Canaries are sociable, friendly and attractive birds. They are soft-billed birds that originate from the coast of Africa. They are relatively easy to look after and easy to keep. Canaries can live up to 10 years of age so bear this time commitment in mind before buying any birds.

Types of Canary

Canaries are generally yellow, but also come in other markings such as buff, brown variegated and white. Common breeds are Crested, Fife, Gloster Corona and Yorkshire.

Feeding your Canary

In the wild Canaries eat a wide range of grains, seeds and vegetation. A good quality, specialist Canary forms the basis of a good diet for pet birds, although supplements may be required. Small pieces of fruit and vegetable should be offered. Cuttlefish bone can be given to provide calcium and keep beaks in good condition. Grit should be available to aid digestion. Egg food can be offered occasionally to help maintain good colour. Egg food is good for breeding and pregnant birds. Certain foods, such as lettuce, lemon, potatoes and avocado can be harmful to your birds. Sweets and drinks designed for human consumption should not be given to your birds. Fresh drinking water should always be available.

Housing your Canary

Canaries can be housed outdoors in a purpose built aviary or indoors in a large wire cage. If kept outdoors, the aviary should be large enough to allow your birds to fly around properly. If kept indoors Canaries should be allowed to come out of their cage daily to exercise, be sure to close all windows and doors! Your cage should have horizontal bars set at different levels to allow your canaries to hop from one perch to another and be kept away from direct sunlight and draughts. Bird sand or sand sheets must be placed in the base of the aviary. Canaries need this to help digest food. Covering your aviary at night will help your birds settle down to sleep.

Keeping Canaries

canariesCanaries prefer the company of their own kind and should not be kept alone. They can be kept in pairs (hens with cocks) although if keeping a few birds together, either sex should be fine. In large aviaries it is usually best to keep more hens than cocks, otherwise the cocks may fight over the hens. Canaries can also be mixed with other soft-billed, small birds such as Finches.
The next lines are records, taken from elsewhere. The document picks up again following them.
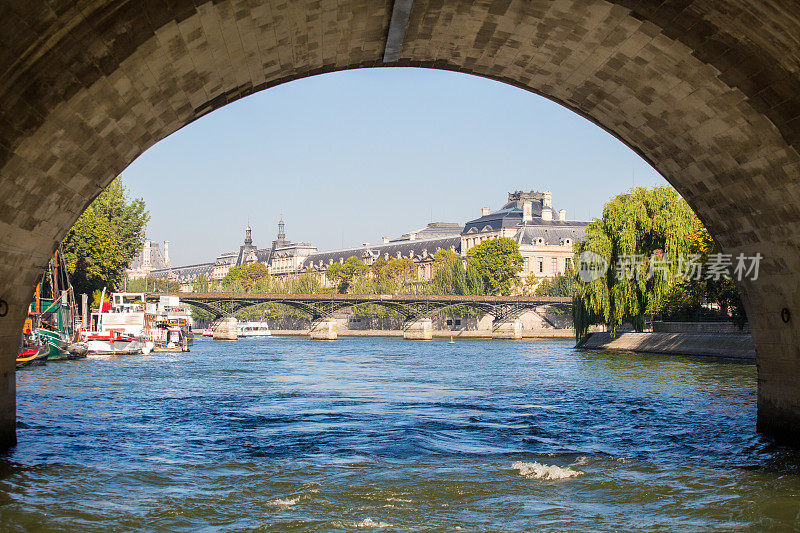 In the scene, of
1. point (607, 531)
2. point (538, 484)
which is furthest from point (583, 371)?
point (607, 531)

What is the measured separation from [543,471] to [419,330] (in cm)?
10755

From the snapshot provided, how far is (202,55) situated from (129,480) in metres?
7.39

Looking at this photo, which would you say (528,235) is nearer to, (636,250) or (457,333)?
(457,333)

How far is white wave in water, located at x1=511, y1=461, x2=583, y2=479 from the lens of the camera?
15.8m

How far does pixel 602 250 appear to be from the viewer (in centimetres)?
5850

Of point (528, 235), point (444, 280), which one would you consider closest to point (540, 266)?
point (528, 235)

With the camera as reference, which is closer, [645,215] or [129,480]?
[129,480]

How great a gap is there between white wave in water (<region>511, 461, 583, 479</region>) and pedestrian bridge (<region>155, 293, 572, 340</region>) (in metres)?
99.2

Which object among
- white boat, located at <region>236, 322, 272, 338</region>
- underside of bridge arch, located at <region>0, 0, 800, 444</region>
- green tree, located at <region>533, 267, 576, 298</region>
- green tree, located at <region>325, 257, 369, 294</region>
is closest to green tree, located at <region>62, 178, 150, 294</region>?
underside of bridge arch, located at <region>0, 0, 800, 444</region>

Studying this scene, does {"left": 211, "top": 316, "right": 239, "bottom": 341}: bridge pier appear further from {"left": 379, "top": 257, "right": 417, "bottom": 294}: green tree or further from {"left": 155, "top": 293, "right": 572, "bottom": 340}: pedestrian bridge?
{"left": 379, "top": 257, "right": 417, "bottom": 294}: green tree

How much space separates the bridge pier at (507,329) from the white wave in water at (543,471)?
105826 mm

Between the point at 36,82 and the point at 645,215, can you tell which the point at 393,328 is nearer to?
the point at 645,215

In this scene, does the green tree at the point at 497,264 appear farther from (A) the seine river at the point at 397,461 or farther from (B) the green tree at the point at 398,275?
(A) the seine river at the point at 397,461

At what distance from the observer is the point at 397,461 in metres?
17.5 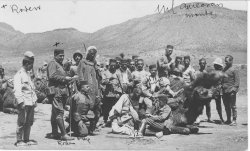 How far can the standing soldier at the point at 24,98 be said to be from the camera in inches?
262

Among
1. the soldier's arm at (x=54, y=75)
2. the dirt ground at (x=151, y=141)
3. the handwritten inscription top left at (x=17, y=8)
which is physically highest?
the handwritten inscription top left at (x=17, y=8)

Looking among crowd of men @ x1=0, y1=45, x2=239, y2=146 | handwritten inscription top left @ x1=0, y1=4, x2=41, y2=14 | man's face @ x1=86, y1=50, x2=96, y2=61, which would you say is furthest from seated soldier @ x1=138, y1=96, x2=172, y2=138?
handwritten inscription top left @ x1=0, y1=4, x2=41, y2=14

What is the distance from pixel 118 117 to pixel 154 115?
769 millimetres

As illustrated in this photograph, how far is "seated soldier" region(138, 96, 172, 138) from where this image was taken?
8266 millimetres

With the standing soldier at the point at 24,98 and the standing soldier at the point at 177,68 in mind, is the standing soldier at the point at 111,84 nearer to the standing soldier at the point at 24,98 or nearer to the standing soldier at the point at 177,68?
the standing soldier at the point at 177,68

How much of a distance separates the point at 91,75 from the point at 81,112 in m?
0.78

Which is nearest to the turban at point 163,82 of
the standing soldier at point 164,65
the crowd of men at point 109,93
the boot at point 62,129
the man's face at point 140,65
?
the crowd of men at point 109,93

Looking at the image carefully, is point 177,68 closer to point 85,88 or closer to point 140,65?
point 140,65

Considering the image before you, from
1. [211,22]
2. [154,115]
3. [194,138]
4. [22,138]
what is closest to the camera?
[22,138]

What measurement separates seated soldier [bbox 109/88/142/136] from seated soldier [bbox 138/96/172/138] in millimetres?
299

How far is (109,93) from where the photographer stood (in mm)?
9258

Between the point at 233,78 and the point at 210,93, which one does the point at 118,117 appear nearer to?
the point at 210,93

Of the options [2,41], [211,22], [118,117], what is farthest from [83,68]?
[2,41]

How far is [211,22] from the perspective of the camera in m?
70.3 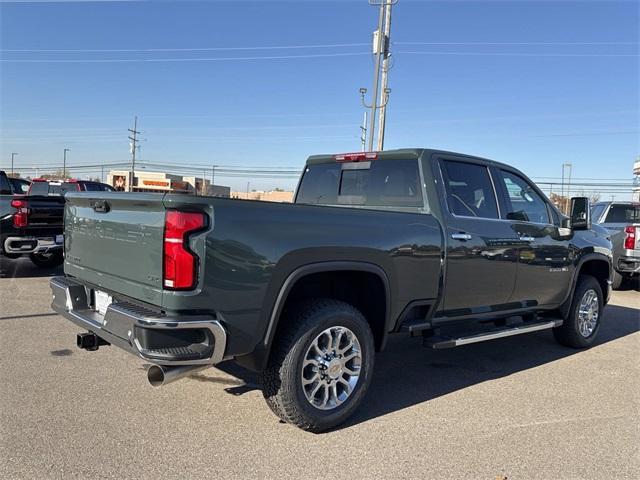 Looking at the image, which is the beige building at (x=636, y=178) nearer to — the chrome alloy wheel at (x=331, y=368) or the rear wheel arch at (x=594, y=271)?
the rear wheel arch at (x=594, y=271)

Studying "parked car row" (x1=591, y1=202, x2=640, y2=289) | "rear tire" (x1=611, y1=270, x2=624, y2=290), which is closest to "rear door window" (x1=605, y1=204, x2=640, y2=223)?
"parked car row" (x1=591, y1=202, x2=640, y2=289)

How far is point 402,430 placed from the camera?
3.66m

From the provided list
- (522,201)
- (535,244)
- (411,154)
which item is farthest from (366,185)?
(535,244)

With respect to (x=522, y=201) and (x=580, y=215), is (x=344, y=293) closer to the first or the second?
(x=522, y=201)

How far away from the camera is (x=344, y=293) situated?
4066 millimetres

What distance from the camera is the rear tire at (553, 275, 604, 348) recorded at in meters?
5.99

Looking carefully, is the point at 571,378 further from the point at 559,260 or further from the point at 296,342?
the point at 296,342

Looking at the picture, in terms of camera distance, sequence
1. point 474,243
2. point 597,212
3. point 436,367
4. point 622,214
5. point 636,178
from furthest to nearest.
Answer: point 636,178, point 597,212, point 622,214, point 436,367, point 474,243

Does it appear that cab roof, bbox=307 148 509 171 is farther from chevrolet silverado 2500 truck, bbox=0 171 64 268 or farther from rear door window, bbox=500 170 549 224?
chevrolet silverado 2500 truck, bbox=0 171 64 268

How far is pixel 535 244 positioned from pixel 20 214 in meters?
7.83

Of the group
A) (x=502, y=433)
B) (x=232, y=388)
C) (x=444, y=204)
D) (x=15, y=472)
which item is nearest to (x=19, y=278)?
(x=232, y=388)

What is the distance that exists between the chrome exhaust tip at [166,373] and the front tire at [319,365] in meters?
0.58

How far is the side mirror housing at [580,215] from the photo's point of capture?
221 inches

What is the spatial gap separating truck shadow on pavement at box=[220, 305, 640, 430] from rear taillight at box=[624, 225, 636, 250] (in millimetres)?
3796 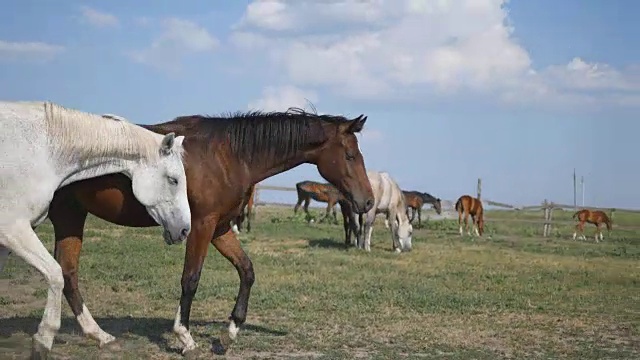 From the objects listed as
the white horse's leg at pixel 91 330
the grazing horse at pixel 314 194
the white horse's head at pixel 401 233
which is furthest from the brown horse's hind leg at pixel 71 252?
the grazing horse at pixel 314 194

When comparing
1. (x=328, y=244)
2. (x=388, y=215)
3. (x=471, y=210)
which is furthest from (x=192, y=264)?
(x=471, y=210)

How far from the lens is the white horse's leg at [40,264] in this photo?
18.5 feet

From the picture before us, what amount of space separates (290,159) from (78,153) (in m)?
2.01

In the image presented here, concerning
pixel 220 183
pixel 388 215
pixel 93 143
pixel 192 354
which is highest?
pixel 93 143

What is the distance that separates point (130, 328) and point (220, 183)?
6.45ft

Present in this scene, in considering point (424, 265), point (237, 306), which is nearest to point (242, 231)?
point (424, 265)

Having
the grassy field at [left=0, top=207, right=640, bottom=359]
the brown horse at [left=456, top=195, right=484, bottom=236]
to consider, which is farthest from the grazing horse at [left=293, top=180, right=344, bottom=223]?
the grassy field at [left=0, top=207, right=640, bottom=359]

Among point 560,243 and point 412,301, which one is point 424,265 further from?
point 560,243

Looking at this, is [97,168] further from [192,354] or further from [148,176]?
[192,354]

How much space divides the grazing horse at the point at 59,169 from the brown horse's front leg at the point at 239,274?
80cm

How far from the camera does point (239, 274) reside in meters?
7.42

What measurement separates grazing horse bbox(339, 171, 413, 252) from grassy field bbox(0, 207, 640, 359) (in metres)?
1.14

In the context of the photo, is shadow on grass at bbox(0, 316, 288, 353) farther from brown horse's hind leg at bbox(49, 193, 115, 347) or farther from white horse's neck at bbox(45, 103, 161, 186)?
white horse's neck at bbox(45, 103, 161, 186)

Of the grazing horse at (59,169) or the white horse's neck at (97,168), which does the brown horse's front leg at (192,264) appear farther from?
the white horse's neck at (97,168) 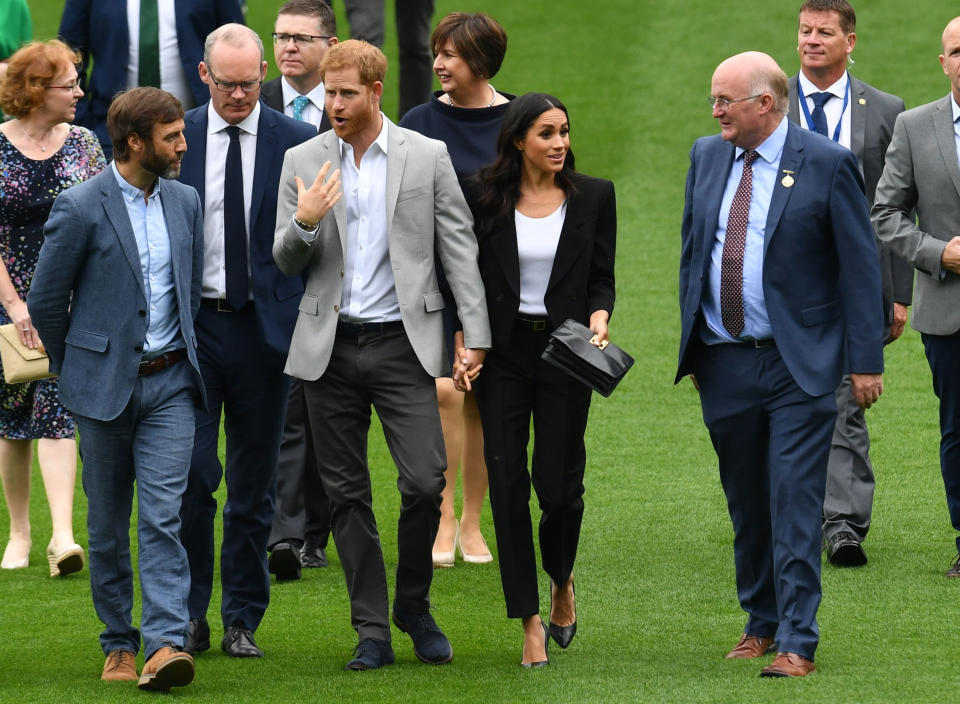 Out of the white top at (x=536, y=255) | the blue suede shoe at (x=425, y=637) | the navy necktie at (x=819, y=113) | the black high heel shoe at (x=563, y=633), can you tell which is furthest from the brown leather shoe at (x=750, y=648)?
the navy necktie at (x=819, y=113)

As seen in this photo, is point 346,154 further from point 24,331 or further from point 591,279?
point 24,331

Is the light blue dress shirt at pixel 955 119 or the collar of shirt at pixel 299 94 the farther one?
the collar of shirt at pixel 299 94

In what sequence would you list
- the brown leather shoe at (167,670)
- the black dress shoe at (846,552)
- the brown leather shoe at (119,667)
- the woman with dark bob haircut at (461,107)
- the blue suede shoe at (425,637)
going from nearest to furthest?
1. the brown leather shoe at (167,670)
2. the brown leather shoe at (119,667)
3. the blue suede shoe at (425,637)
4. the woman with dark bob haircut at (461,107)
5. the black dress shoe at (846,552)

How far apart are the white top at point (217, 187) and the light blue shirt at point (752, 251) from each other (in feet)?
5.66

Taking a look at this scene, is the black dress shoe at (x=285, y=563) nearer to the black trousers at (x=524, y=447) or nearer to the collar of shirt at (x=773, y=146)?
the black trousers at (x=524, y=447)

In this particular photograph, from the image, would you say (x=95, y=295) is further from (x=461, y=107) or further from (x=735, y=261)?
(x=735, y=261)

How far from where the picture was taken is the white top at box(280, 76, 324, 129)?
8.17 metres

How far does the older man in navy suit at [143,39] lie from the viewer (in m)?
9.27

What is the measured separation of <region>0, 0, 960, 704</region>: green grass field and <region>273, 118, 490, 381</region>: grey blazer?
45.0 inches

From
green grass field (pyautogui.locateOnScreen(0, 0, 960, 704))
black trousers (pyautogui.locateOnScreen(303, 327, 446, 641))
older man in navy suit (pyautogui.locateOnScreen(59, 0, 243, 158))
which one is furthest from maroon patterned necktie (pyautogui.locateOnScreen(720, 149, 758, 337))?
older man in navy suit (pyautogui.locateOnScreen(59, 0, 243, 158))

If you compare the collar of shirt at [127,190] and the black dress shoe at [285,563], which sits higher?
the collar of shirt at [127,190]

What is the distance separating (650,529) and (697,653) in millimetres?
1974

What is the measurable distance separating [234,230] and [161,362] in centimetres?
69

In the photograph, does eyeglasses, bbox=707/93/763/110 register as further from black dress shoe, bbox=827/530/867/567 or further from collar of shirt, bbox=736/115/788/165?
black dress shoe, bbox=827/530/867/567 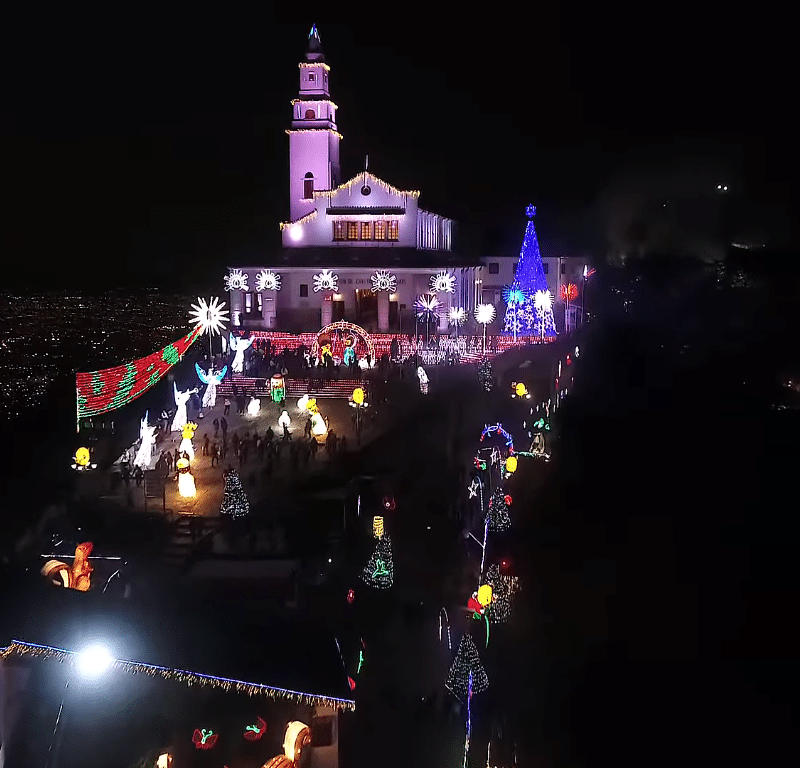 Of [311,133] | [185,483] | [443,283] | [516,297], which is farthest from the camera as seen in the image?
[311,133]

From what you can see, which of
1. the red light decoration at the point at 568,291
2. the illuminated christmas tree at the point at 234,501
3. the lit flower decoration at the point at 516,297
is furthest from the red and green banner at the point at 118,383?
the red light decoration at the point at 568,291

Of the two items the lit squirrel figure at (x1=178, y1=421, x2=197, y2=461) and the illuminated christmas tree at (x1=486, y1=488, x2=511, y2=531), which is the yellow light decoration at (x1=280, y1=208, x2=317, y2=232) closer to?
the lit squirrel figure at (x1=178, y1=421, x2=197, y2=461)

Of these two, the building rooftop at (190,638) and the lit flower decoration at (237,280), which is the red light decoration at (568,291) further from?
the building rooftop at (190,638)

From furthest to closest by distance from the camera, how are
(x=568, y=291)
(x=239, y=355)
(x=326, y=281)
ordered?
1. (x=568, y=291)
2. (x=326, y=281)
3. (x=239, y=355)

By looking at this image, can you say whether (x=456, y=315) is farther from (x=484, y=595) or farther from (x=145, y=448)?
(x=484, y=595)

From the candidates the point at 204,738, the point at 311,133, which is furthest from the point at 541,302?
the point at 204,738

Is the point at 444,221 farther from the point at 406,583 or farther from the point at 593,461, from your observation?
the point at 406,583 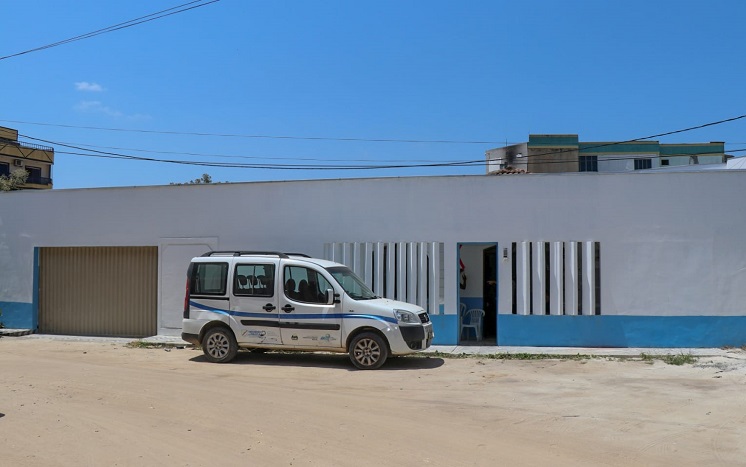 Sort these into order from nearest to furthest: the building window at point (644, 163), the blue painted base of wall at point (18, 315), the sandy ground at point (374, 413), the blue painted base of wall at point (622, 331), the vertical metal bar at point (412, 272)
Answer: the sandy ground at point (374, 413) < the blue painted base of wall at point (622, 331) < the vertical metal bar at point (412, 272) < the blue painted base of wall at point (18, 315) < the building window at point (644, 163)

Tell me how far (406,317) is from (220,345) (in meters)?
3.77

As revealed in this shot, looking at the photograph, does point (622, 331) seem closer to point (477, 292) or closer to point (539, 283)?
point (539, 283)

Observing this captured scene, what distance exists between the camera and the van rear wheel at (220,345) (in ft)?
42.4

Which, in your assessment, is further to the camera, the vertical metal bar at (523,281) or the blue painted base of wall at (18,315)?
the blue painted base of wall at (18,315)

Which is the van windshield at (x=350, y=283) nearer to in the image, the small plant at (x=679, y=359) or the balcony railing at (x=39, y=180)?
the small plant at (x=679, y=359)

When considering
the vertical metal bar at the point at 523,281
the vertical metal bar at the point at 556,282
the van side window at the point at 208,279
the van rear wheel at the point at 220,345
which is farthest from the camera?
the vertical metal bar at the point at 523,281

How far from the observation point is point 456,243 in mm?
15281

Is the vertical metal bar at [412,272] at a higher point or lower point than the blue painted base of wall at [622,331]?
higher

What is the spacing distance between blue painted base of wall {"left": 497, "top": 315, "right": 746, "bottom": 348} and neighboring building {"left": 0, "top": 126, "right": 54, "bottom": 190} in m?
48.0

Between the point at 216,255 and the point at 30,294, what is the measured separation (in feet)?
26.5

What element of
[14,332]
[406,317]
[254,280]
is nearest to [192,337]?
[254,280]

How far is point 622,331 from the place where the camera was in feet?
47.5

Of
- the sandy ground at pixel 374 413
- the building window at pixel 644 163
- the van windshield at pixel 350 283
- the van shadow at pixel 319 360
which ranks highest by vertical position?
the building window at pixel 644 163

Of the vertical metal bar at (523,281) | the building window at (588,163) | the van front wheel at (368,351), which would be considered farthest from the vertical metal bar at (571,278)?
the building window at (588,163) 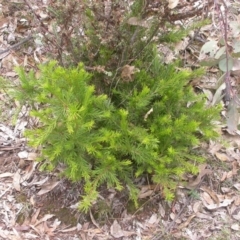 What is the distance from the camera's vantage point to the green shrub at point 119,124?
6.71 feet

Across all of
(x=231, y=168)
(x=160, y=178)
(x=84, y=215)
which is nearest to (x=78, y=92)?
(x=160, y=178)

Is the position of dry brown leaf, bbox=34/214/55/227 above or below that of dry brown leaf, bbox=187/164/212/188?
below

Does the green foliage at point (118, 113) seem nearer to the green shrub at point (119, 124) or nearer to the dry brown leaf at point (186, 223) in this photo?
Result: the green shrub at point (119, 124)

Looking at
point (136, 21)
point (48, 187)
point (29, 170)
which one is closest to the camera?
point (136, 21)

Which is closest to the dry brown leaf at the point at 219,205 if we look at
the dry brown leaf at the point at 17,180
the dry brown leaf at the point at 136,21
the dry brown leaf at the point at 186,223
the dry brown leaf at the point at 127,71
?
the dry brown leaf at the point at 186,223

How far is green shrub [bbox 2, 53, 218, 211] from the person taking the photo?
204 cm

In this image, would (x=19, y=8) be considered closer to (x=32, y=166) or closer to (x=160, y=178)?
(x=32, y=166)

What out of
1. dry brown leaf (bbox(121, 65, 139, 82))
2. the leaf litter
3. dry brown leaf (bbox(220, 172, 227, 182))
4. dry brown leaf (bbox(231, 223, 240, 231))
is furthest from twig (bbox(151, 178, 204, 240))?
dry brown leaf (bbox(121, 65, 139, 82))

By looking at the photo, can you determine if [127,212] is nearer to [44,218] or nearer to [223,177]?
[44,218]

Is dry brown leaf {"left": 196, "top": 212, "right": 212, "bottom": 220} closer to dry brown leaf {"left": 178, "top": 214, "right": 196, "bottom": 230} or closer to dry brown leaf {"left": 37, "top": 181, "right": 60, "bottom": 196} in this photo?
dry brown leaf {"left": 178, "top": 214, "right": 196, "bottom": 230}

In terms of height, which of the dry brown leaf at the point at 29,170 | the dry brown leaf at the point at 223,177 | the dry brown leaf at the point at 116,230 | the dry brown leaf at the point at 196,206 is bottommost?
the dry brown leaf at the point at 116,230

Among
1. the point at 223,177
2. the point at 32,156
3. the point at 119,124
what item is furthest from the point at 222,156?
the point at 32,156

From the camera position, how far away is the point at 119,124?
7.22 ft

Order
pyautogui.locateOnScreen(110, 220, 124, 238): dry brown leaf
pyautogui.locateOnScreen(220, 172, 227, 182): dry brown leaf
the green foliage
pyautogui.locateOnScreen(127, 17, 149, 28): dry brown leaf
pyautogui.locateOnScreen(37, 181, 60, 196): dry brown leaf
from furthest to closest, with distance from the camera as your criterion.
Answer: pyautogui.locateOnScreen(220, 172, 227, 182): dry brown leaf → pyautogui.locateOnScreen(37, 181, 60, 196): dry brown leaf → pyautogui.locateOnScreen(110, 220, 124, 238): dry brown leaf → the green foliage → pyautogui.locateOnScreen(127, 17, 149, 28): dry brown leaf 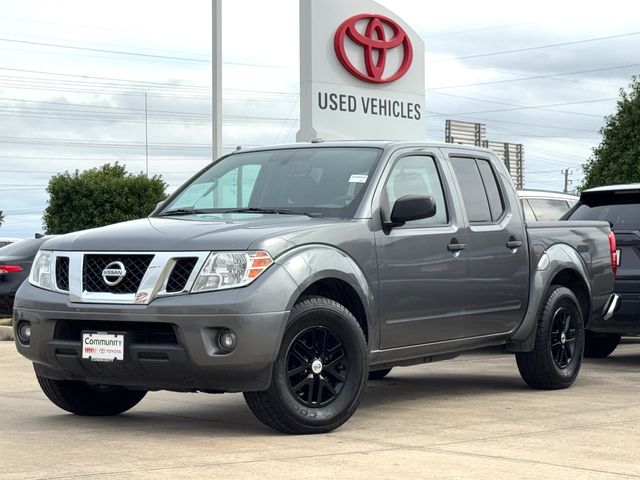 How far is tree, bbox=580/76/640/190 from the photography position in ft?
185

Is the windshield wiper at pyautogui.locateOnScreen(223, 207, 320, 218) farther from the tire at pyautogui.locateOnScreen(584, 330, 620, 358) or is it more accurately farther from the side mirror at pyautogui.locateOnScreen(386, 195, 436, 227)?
the tire at pyautogui.locateOnScreen(584, 330, 620, 358)

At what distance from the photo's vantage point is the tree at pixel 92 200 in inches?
3265

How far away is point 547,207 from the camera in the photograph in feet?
52.3

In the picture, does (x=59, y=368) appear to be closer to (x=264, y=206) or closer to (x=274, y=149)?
(x=264, y=206)

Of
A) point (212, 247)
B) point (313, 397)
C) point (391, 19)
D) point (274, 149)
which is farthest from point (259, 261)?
point (391, 19)

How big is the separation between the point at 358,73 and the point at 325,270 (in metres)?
15.7

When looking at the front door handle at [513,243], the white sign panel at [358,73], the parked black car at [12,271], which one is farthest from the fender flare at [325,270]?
the white sign panel at [358,73]

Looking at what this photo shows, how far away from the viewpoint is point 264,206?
8539mm

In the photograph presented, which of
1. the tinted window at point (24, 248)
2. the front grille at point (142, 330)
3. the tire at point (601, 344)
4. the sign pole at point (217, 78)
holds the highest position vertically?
the sign pole at point (217, 78)

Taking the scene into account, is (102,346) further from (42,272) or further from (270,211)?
(270,211)

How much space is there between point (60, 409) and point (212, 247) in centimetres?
237

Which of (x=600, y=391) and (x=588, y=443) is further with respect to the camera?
(x=600, y=391)

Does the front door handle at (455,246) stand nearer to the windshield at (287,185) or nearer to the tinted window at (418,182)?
the tinted window at (418,182)

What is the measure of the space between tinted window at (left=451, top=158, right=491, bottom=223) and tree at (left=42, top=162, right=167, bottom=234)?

Entertainment and exercise for your Canary

Canaries love to play, so provide them with plenty of toys to keep them amused. Indoor Canaries need daily exercise outside of their cage. You should provide a bath for your birds, either fixed to the outside of the cage or in a shallow bowl inside the cage. Some birds enjoyed being gently sprayed with tepid water! Canaries cannot talk, but cocks will sing enthusiastically during the mating season.

Handling Canaries

Canaries are friendly birds but will rarely become tame enough to perch on your finger. If you have to pick up a Canary, ensure your palm covers its back and wings, while your middle and index finger surround the bird’s neck. Use your other fingers to support its feet and body. Be gentle! Canaries will peck at you if they feel threatened or stressed. Do not attempt to catch a Canary in mid flight, always wait until it is perched safely.

Breeding Canaries

Canaries can be mated from approximately 9 months of age. They usually produce a clutch of 4-6 eggs in 14 days. Ensure that you have good homes for them to go do, or room in your own aviary for any new arrivals, before breeding your Canaries.